Bucks Fizz / Brotherhood Of Man – Nottingham Royal Concert Hall, Thursday June 28th
What Bucks Fizz were to the 1980s – a clean-cut, middle of the road, two-boy/two-girl vocal group, whose greatest claim to fame was winning Eurovision – Brotherhood Of Man were to the 1970s. Since their hit-making days, both acts have doggedly continued to plough the cabaret circuit, with a particular focus on seaside resorts and holiday camps.
While Bucks Fizz have undergone numerous personnel changes, with two rival versions of the group even clashing in court, Brotherhood Of Man have retained the same line-up for over thirty years. It takes a special kind of dedication to play the same old hits, year after year, in notably reduced circumstances, without becoming bored or bitter – and even in last night’s three-quarters empty venue, those smiles never cracked for a second.
Featuring just one original member, the eternally chipper Bobby G, the current Bucks Fizz line-up were an oddly matched bunch, who could only offer pale imitations of former glories. No Cheryl, no Mike, no Jay? You could almost feel the disappointment rippling through the audience as the group took to the stage.
“You say you don’t know me, or recognize my face”, they trilled, gamely hoofing their way through Starship’s We Built This City. Never were truer words uttered.
“We love you, Bobby!”, screamed a tipsy hen party. “It is Bobby, isn’t it?” they added, promptly collapsing in hysterics.
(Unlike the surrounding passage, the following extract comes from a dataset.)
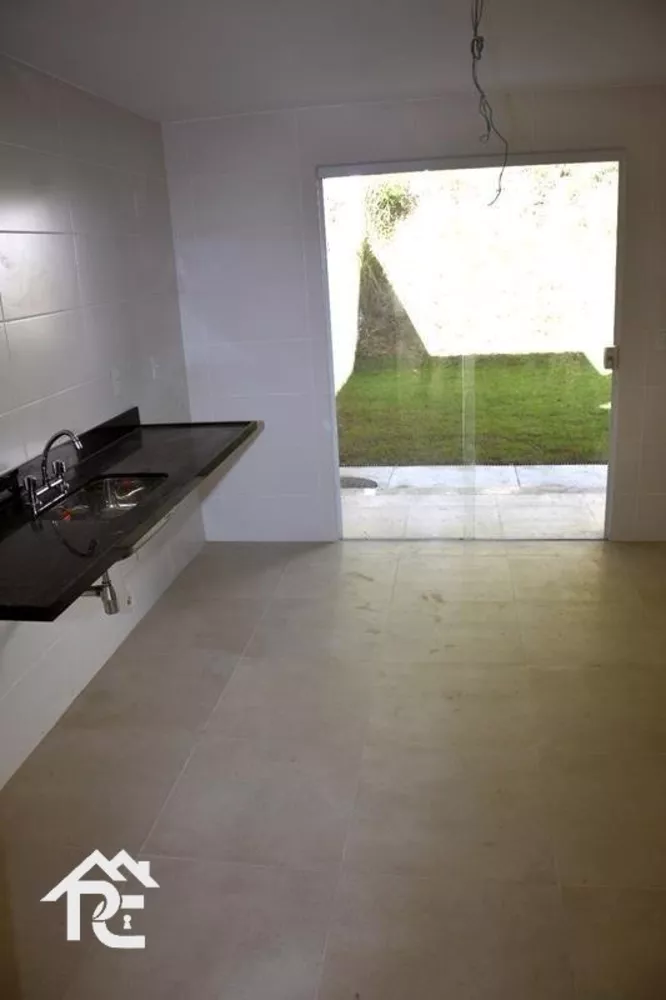 Casa, 3 quartos, 243 m² - Foto 14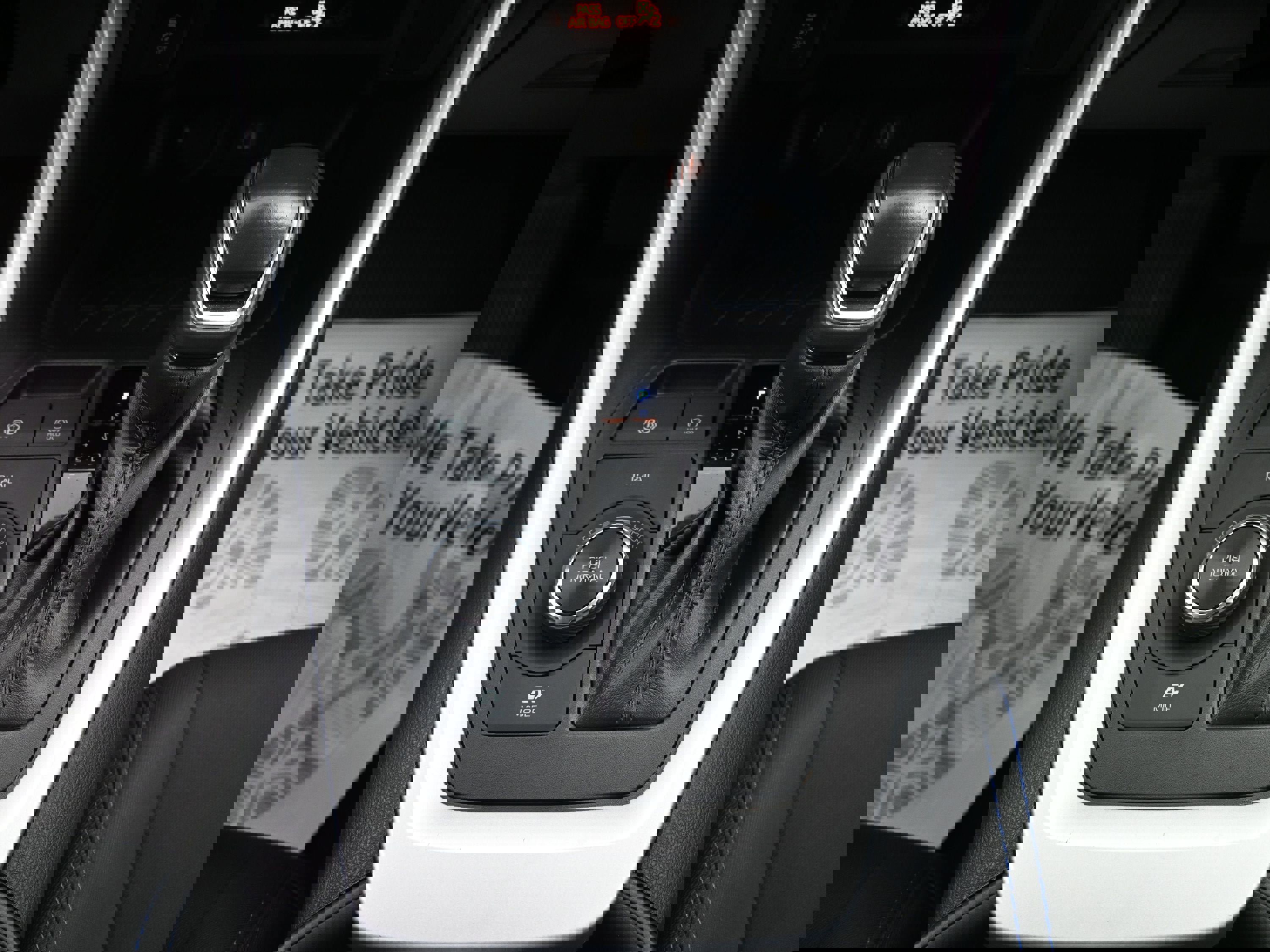 Used 2023 Toyota RAV4 SE image 18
Performing to backing tracks, with a minimum of stage props, both acts padded out their allocated hours with numerous covers. Bucks Fizz opted for medleys by Ricky Martin, Abba and Meat Loaf, while Brotherhood Of Man plumbed the very depths of Seventies cheese: Tie A Yellow Ribbon, Shang-A-Lang, Remember You’re A Womble, My Ding-A-Ling. Such bargain basement shortcuts might have wowed the campers at Butlins, but they fell far short of the standard expected in the Royal Concert Hall.